-- EXERCISE OBJECTIVE --
Copy each line below exactly and leave the pictures out.

==============================

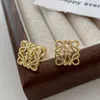 Boucles d'oreilles de créateur de haras accessoires de joesrie de luxe 2024 Nouvelles boucles d'oreilles de texture en métal de mode Luxur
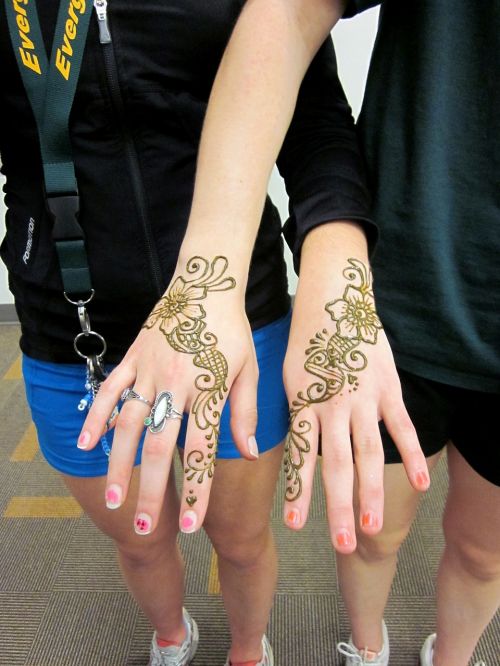 henna mehndi hands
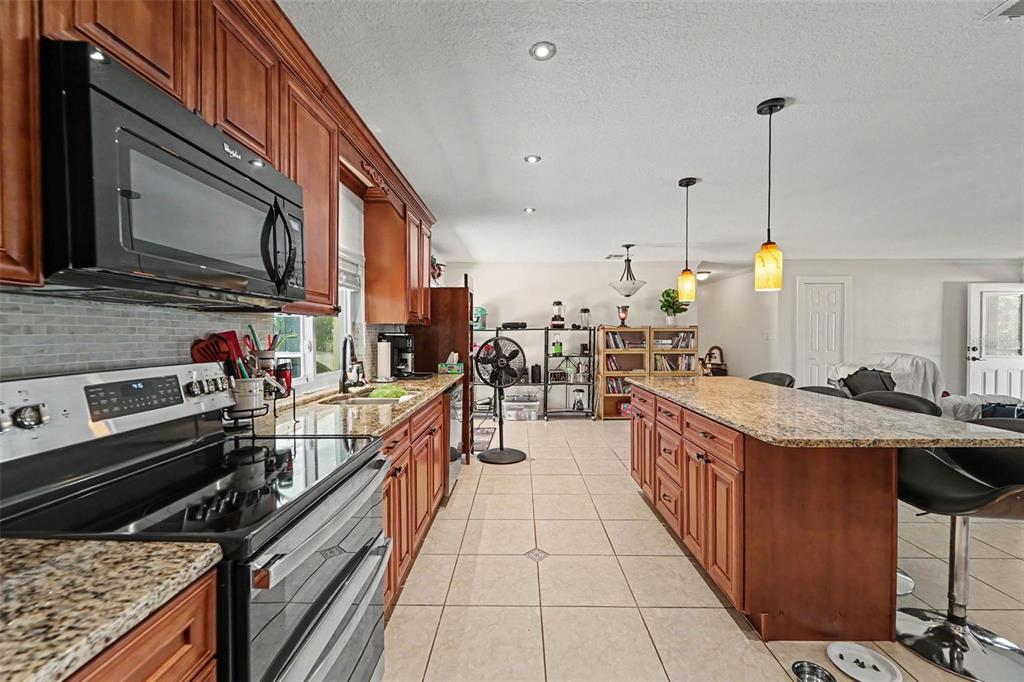8639 Green Street Port Richey, FL 34668 - Photo 7 of 37 Gallery Image 7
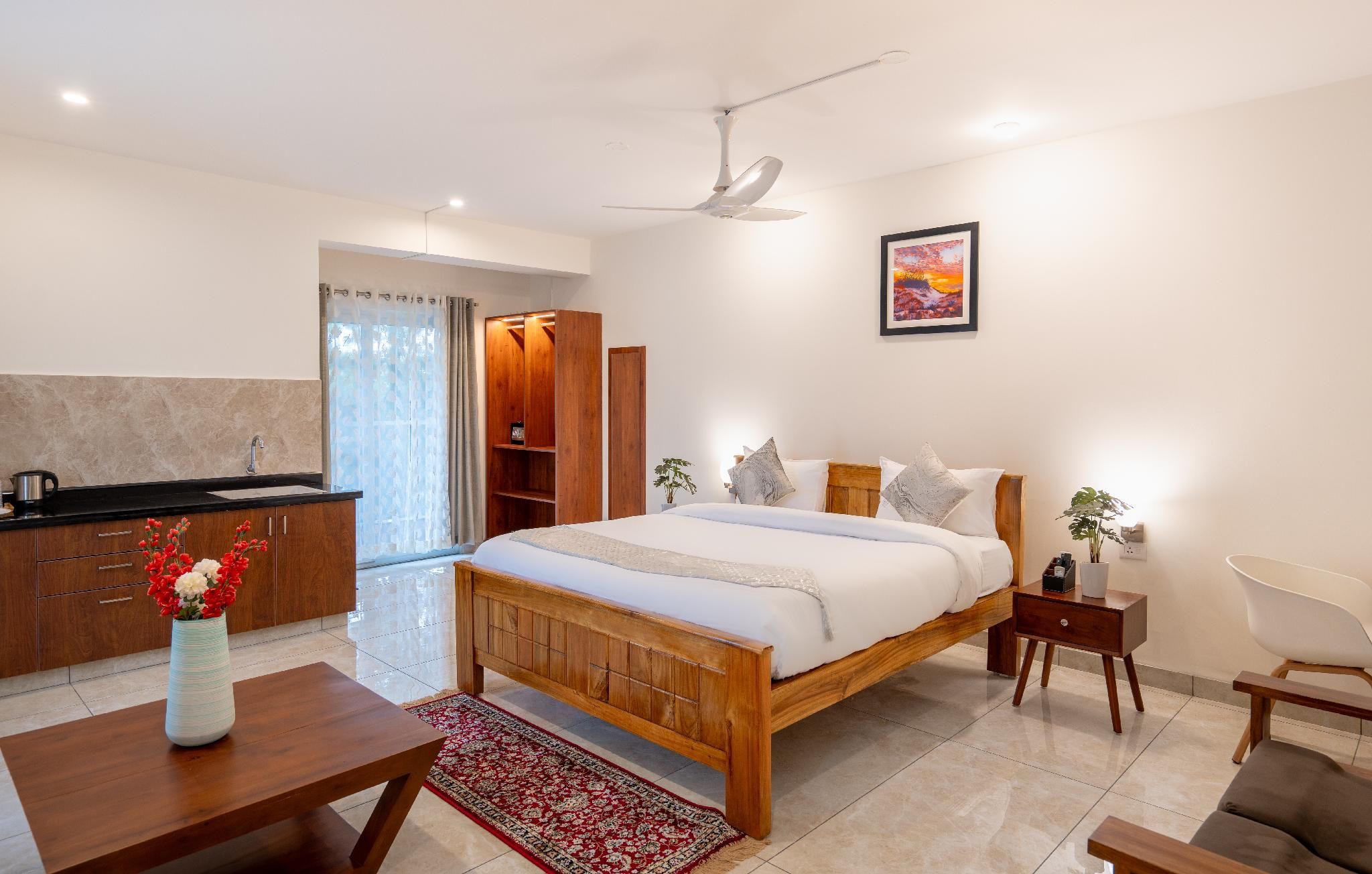 The Silver Chimes Suites Superior Room 9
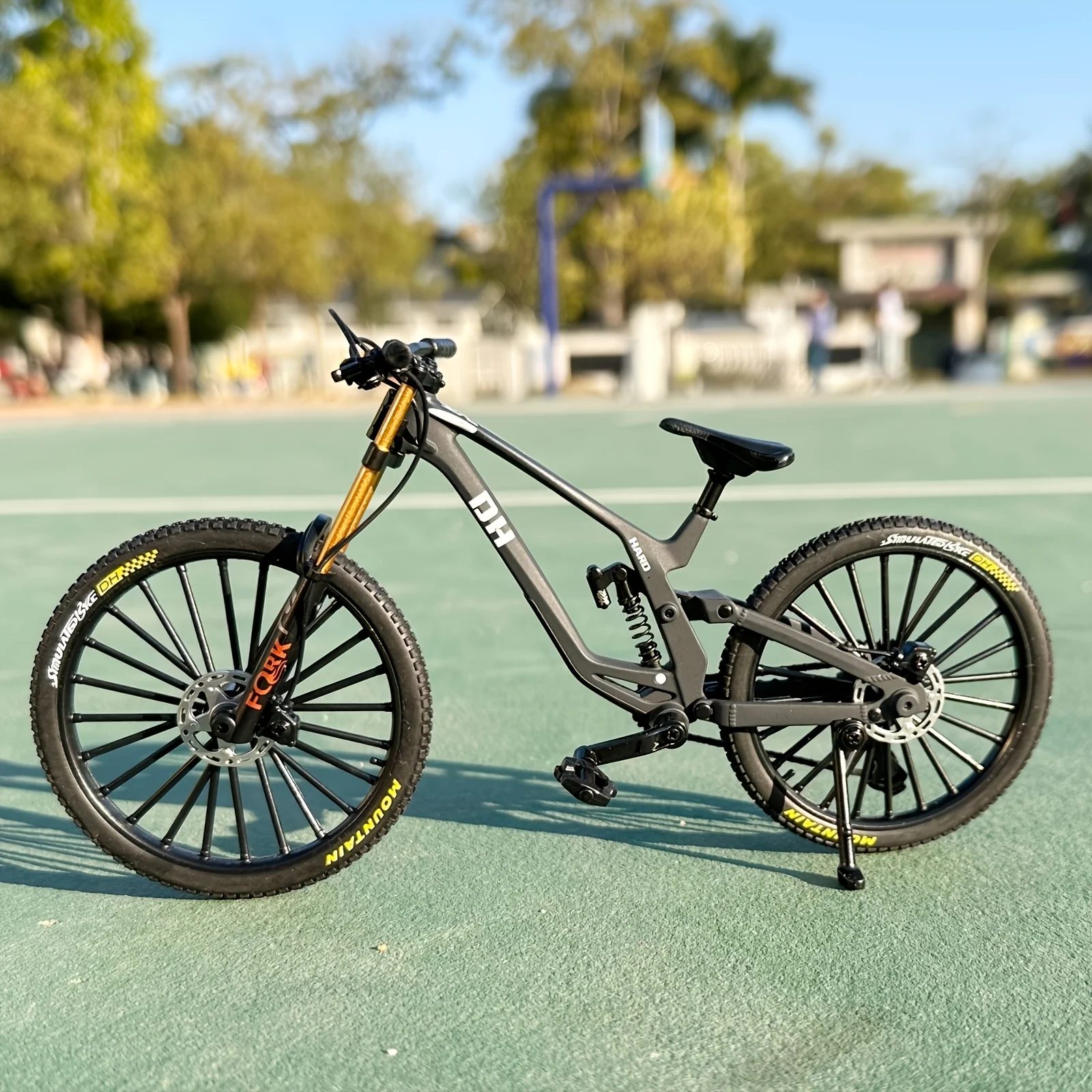Model roweru górskiego DH w skali 1:8, wykonany ze stopu aluminium, zabawka, symulowane zawieszenie, wielowspornikowe koła, ozdoba rowerowa, dekoracja domu.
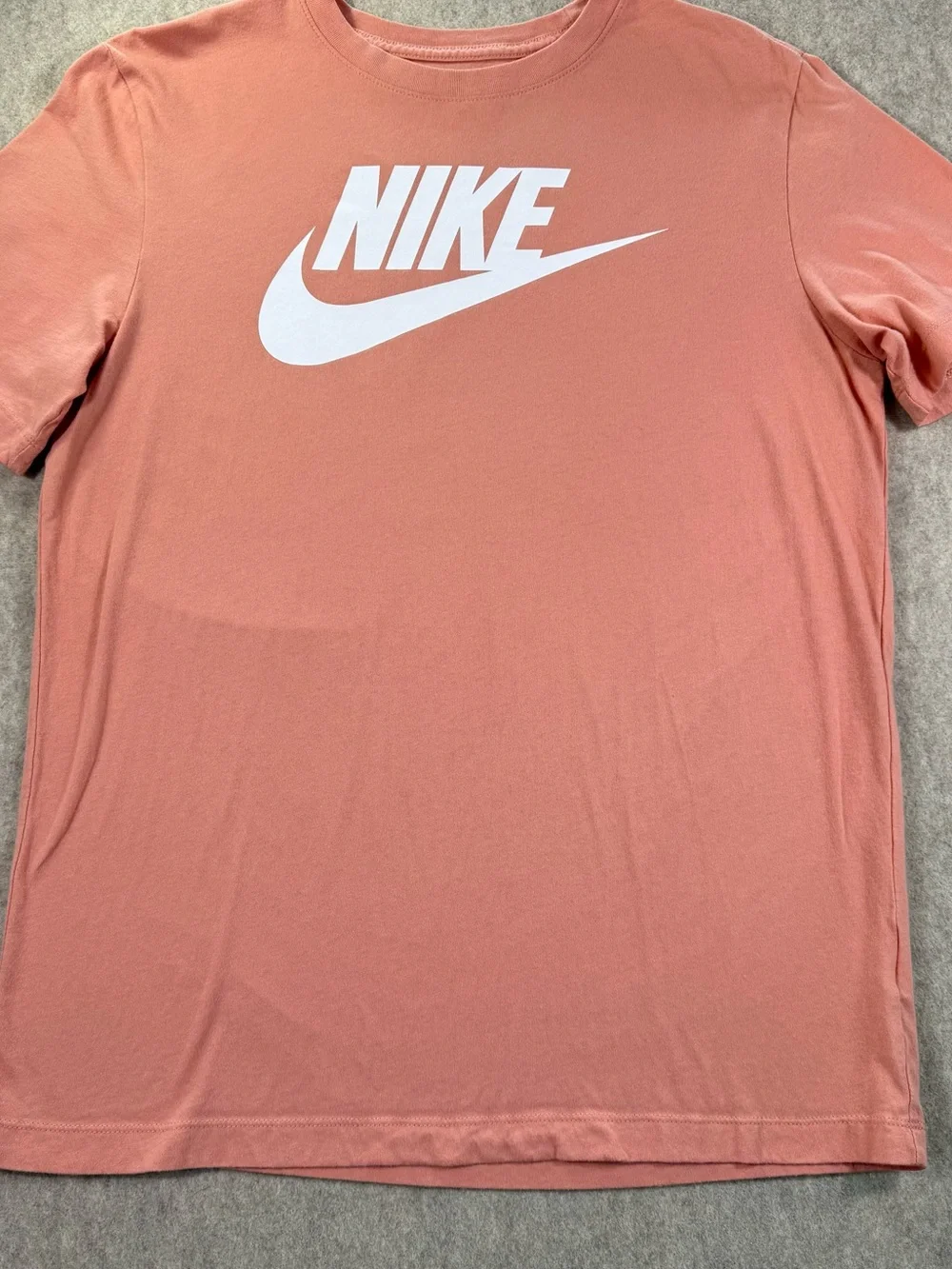 NIKE Classic Tee with Bold White Logo. Men M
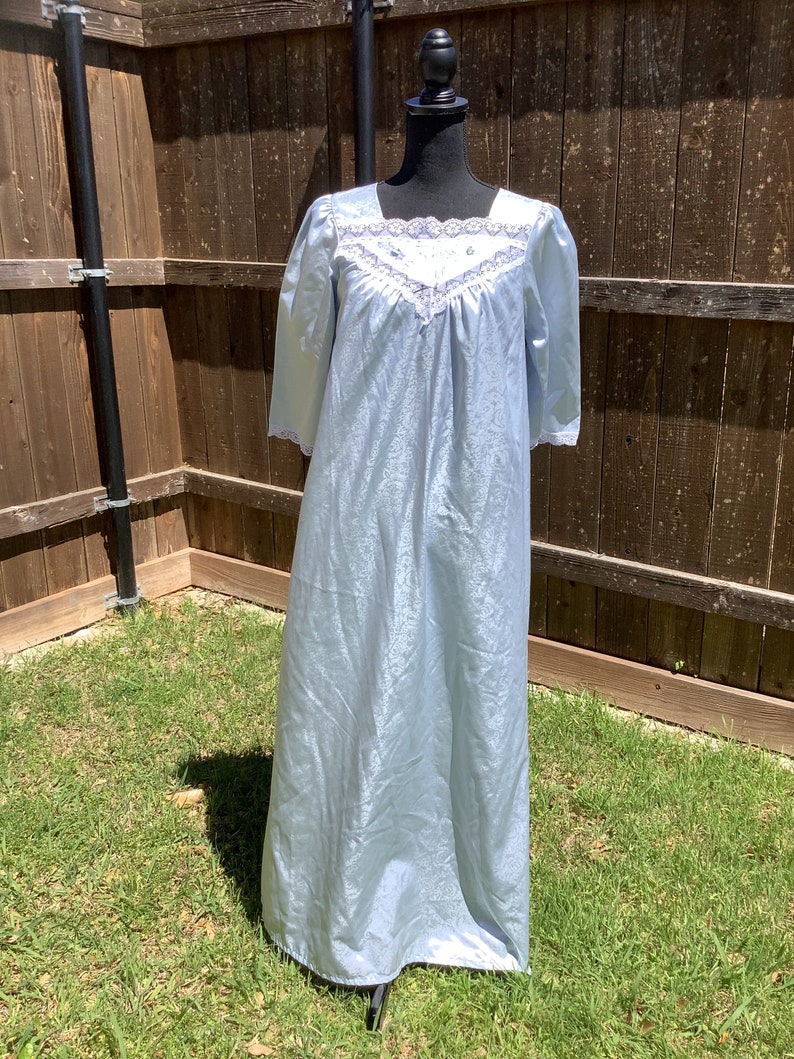 Vintage 1950s nightgown imagem 3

==============================

-- RESPONSE FOR THIS EXERCISE --
 Boucles d'oreilles de créateur de haras accessoires de joesrie de luxe 2024 Nouvelles boucles d'oreilles de texture en métal de mode Luxur
 henna mehndi hands
8639 Green Street Port Richey, FL 34668 - Photo 7 of 37 Gallery Image 7
 The Silver Chimes Suites Superior Room 9
Model roweru górskiego DH w skali 1:8, wykonany ze stopu aluminium, zabawka, symulowane zawieszenie, wielowspornikowe koła, ozdoba rowerowa, dekoracja domu.
 NIKE Classic Tee with Bold White Logo. Men M
 Vintage 1950s nightgown imagem 3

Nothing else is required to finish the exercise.